On vous revoit à Roland Garros l’année de votre premier succès en 1997. Vous ne passiez pas inaperçu avec votre tenue et vos chaussures jaunes. A chaque conférence de presse, vous plaisantiez sur le fait que vous n’aviez aucune tenue de rechange parce que Diadora ne pensait jamais vous voir aller si loin dans le tournoi. Beaucoup d’eau a coulé sous les ponts depuis.

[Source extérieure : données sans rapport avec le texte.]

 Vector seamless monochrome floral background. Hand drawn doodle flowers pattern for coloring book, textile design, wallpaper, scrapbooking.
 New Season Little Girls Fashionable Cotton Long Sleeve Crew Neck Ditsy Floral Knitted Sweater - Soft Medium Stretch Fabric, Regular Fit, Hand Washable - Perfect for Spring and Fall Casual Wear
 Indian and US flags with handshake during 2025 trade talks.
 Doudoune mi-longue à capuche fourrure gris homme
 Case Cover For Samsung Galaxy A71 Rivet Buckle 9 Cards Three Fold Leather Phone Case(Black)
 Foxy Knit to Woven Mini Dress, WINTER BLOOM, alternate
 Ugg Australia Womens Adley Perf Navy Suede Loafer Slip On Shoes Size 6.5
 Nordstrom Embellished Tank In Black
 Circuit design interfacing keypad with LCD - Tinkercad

Particulièrement ces deux dernières années. Je ne sais pas réellement pourquoi les choses ont commencé à merveilleusement fonctionner pour moi. J’ai fait ma place dans une ère dominée par Sampras et Agassi et je remercie tous les jours le ciel pour cela. En fait, j’estime que je reçois beaucoup plus que je ne devrais. Bien sûr je travaille beaucoup, j’essaie de m’amuser tout en offrant du plaisir au public et je veux donner à chaque fois le meilleur de moi-même. Je sais que cette euphorie ne durera pas éternellement et c’est la raison pour laquelle je veux savourer chaque instant de ma carrière.

« Il faut se reposer »

A quoi attribuez-vous votre incroyable réussite cet été?

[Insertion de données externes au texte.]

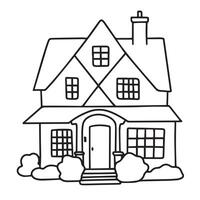 Doodle cute little house isolated. Hand drawn art. vector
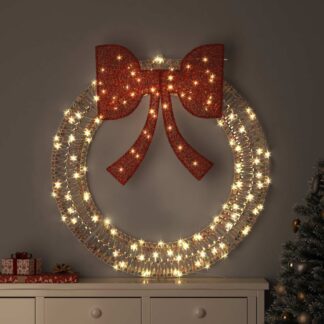 vidaXL Στεφάνι Θερμό λευκό 120 x 120 x 10 cm PET 150 LED
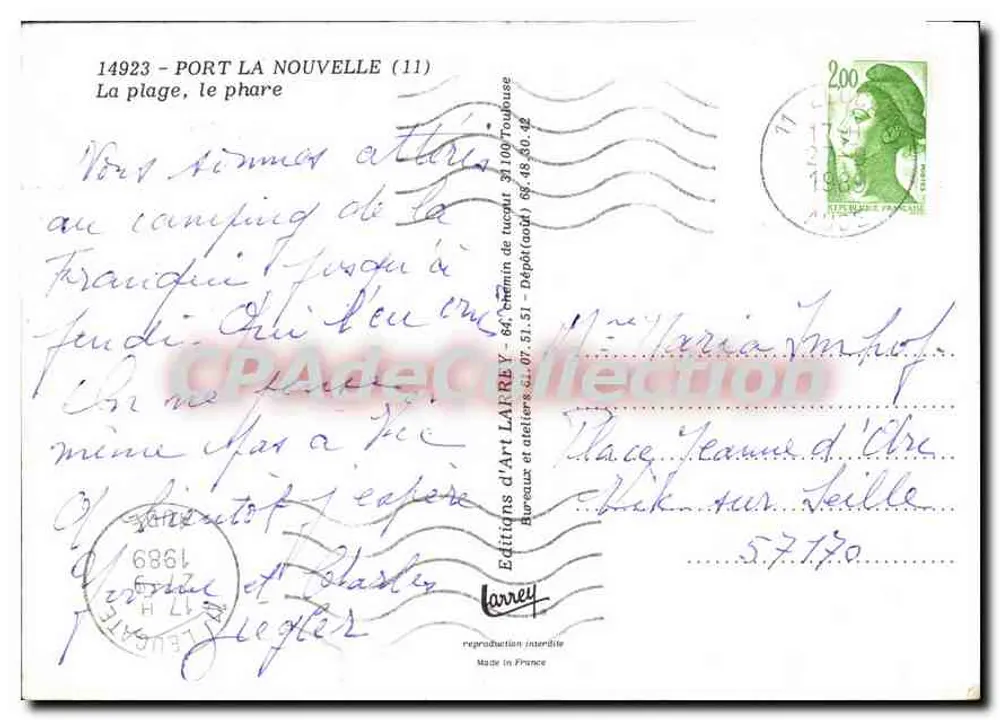 Port la Nouvelle — spiaggia e faro — Edizioni d'Arte Larrey, Toulouse - Verso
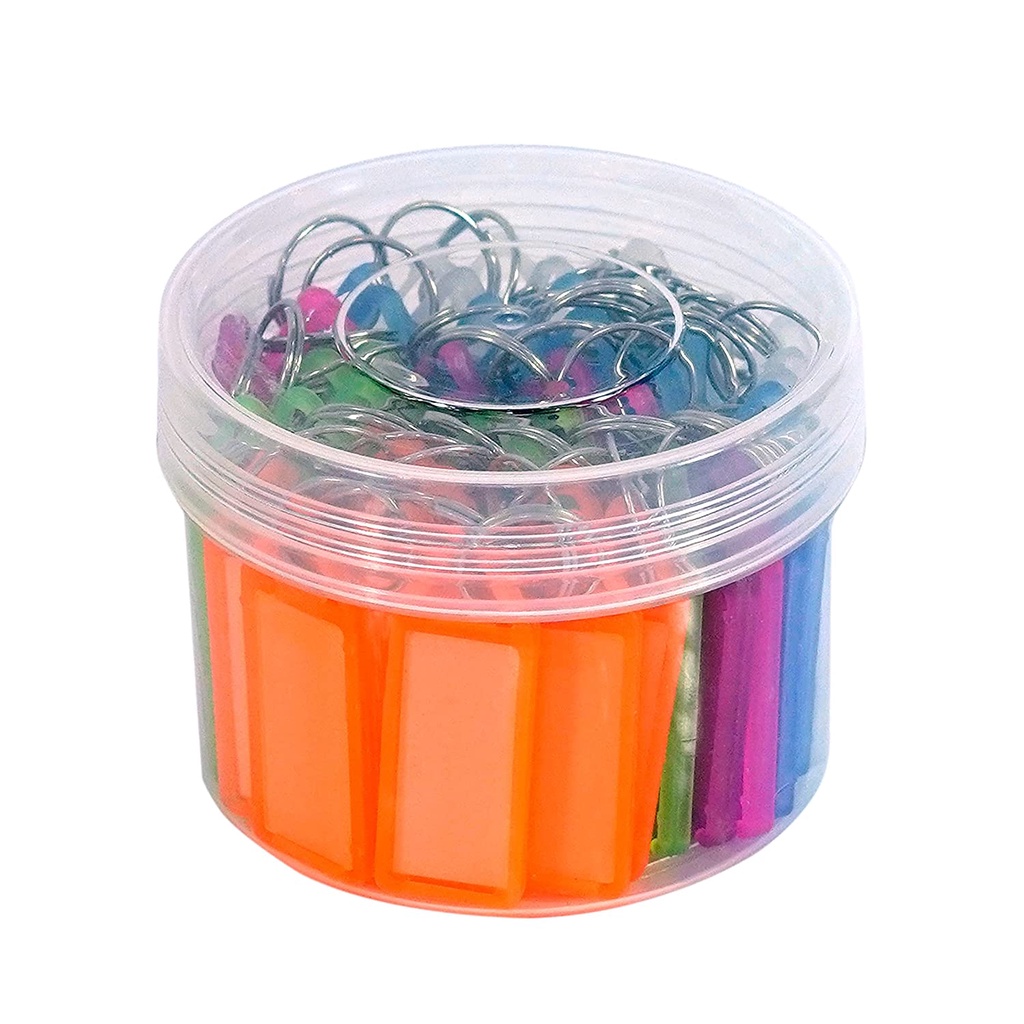 Virom Pack Of 50 Multicolor Keyring & Keychain with Name Tag Labels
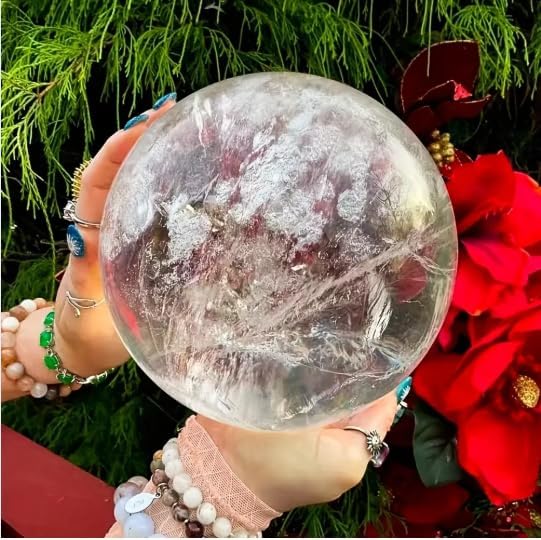 Large White Quartz Crystal Ball, Clear Sphere with Natural Inclusions, for Home Decor, Spiritual Meditation, Feng Shui, Photography, Witchcraft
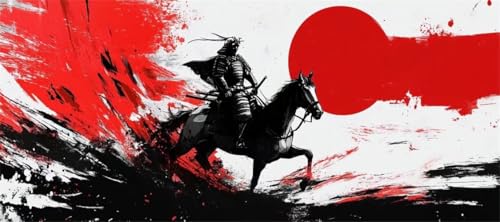 Malen Nach Zahlen Japan Malen Nach Zahlen Erwachsene Samurai, 110 X 55 cm XXL Groß Acrylfarben Ölgemälde, DIY Malen Nach Zahlen Kinder Anfänger Paint by Numbers Set für Wand Dekor (Ohne Rahmen) -H423 von Kggyele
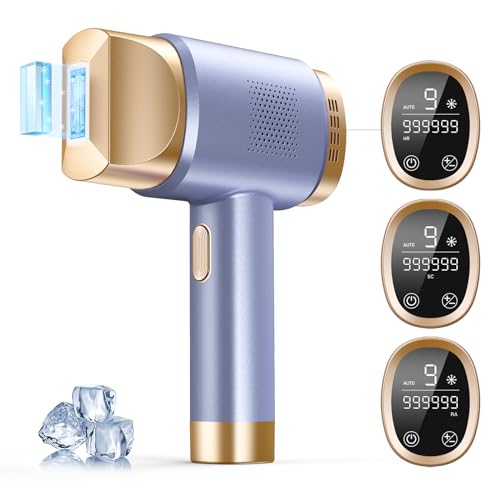 LUBEX Sapphire Ice-Cooling Laser Hair Removal for Women and Men, Painless & Long-Lasting Result, IPL Hair Removal Device for Body & Face at-Home Use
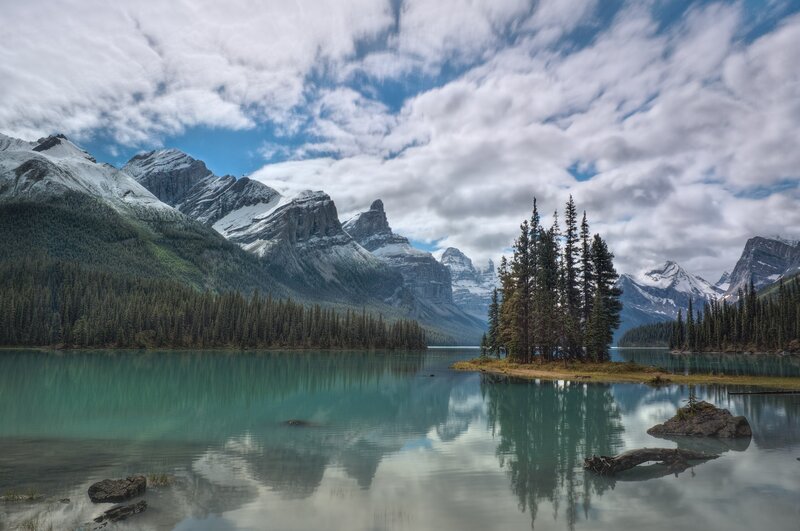 Mountain lake with forested island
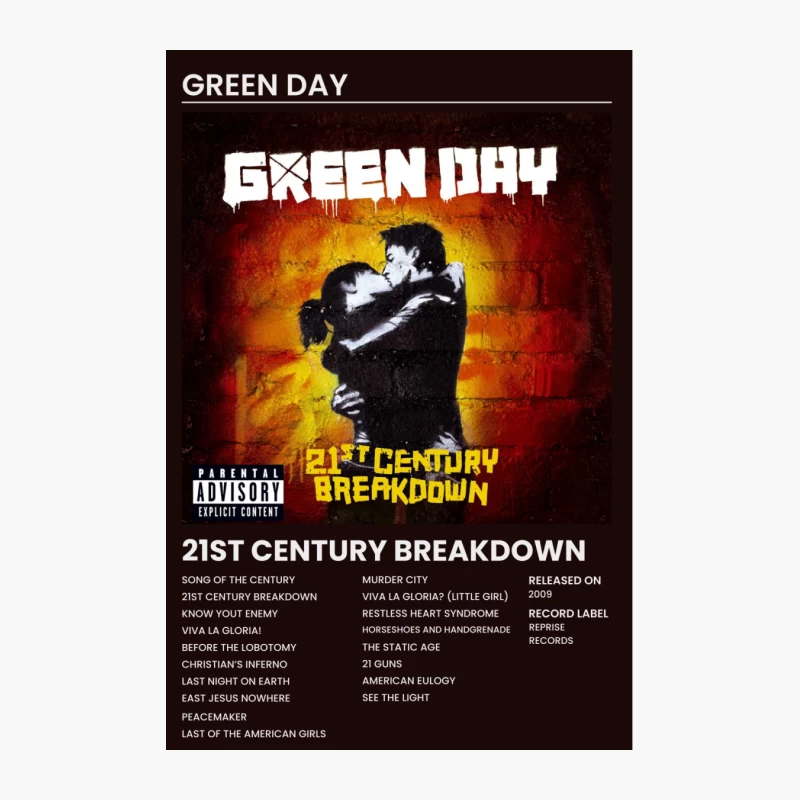 Green Day's 21st Century Breakdown Album Cover and Track List Cotton Tote Bag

Au break que j’ai observé pendant Wimbledon. Je me suis reposé pendant trois semaines et cela m’a fait le plus grand bien. Il le fallait parce que mon corps commençait à donner des signes de relâchement. La saison de terre battue étant très courte, je joue beaucoup pendant cette période parce que j’ai besoin de beaucoup de matches pour arriver en pleine forme à Paris.

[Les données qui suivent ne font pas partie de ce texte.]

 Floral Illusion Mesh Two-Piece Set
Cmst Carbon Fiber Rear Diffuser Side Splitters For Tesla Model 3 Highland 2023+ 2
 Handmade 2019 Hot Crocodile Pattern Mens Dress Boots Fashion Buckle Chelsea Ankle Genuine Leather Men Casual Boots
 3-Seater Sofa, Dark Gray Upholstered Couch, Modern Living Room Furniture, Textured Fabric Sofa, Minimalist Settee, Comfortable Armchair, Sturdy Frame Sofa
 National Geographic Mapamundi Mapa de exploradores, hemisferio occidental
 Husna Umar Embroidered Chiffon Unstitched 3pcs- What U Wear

Que faites-vous quand vous êtes en vacances?

Je fais du surf et je reste en famille, au calme en essayant d’oublier ma raquette. Le fait d’habiter sur une île comme Florianopolis me détend. J’y suis connu mais je peux me déplacer comme je le souhaite sans être bousculé.

Il vous arrive de porter des verres de contact. Quel est votre problème exactement?

Je suis à la fois astigmate et myope. Mais cela ne me pose aucun problème la journée. C’est plutôt lors des sessions nocturnes que je mets mes verres. Sans quoi, je ne verrais pas la balle.

A 24 ans, vous passez déjà pour un ancien. Aimez-vous toujours voyager?

Le problème pour moi est d’habiter au Brésil. Mon pays est loin de tout. Je ne peux pas me permettre de revenir me ressourcer chez moi entre deux tournois. C’est beaucoup trop loin! Un Américain ou un Européen peut très bien jouer pendant six mois sur son continent. Pour moi, le problème est simple: si je ne voyage pas, je ne joue pas au tennis. Oui, j’aime toujours beaucoup mon métier. Les satisfactions qu’il me procure sont nombreuses même si ce n’est pas facile tous les jours.

Après avoir été N°1 mondial, qu’est-ce qui vous motive encore?

Le moment présent. Chaque tournoi auquel je prends part est une motivation nouvelle. En ce mois d’août, c’est l’US Open qui me tient éveillé. Puis il y aura un autre rendez-vous où je voudrai bien faire.

Avez-vous le sentiment d’avoir dû sacrifier beaucoup de choses qui vous étaient chères pour arriver où vous êtes?

Franchement, non. Je crois faire au contraire beaucoup plus de choses différentes aujourd’hui qu’il y a dix ans. Et je les apprécie plus qu’avant.